* [Goal of the exercise]:
For this exercise, return exactly the lines of the material below that begin at the one with "รูป 🏠ห้องไฮไลต์เสัปดาห์นี้ 🌟" and stop after the one with "Billede af Kolind Station.".
---
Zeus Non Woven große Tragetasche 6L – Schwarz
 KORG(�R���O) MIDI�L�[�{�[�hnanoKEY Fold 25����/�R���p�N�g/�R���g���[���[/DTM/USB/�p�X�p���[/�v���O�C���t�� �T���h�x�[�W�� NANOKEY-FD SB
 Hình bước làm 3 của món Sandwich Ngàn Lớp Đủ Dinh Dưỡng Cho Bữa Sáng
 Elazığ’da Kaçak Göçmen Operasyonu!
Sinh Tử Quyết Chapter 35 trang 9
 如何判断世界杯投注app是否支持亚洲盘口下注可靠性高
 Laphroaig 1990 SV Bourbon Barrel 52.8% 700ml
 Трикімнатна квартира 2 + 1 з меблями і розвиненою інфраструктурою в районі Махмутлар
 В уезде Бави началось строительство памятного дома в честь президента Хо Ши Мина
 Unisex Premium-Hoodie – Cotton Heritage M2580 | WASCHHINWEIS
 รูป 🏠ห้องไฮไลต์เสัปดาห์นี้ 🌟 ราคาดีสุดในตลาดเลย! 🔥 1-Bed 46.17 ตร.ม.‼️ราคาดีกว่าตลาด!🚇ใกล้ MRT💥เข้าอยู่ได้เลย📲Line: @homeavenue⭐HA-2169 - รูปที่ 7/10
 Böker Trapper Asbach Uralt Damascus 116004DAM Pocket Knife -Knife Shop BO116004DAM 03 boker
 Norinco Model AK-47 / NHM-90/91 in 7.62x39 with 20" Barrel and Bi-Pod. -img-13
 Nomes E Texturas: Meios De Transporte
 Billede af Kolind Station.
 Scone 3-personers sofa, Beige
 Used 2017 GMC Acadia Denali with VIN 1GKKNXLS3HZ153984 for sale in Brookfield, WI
---
* [Result for this exercise]:
 รูป 🏠ห้องไฮไลต์เสัปดาห์นี้ 🌟 ราคาดีสุดในตลาดเลย! 🔥 1-Bed 46.17 ตร.ม.‼️ราคาดีกว่าตลาด!🚇ใกล้ MRT💥เข้าอยู่ได้เลย📲Line: @homeavenue⭐HA-2169 - รูปที่ 7/10
 Böker Trapper Asbach Uralt Damascus 116004DAM Pocket Knife -Knife Shop BO116004DAM 03 boker
 Norinco Model AK-47 / NHM-90/91 in 7.62x39 with 20" Barrel and Bi-Pod. -img-13
 Nomes E Texturas: Meios De Transporte
 Billede af Kolind Station.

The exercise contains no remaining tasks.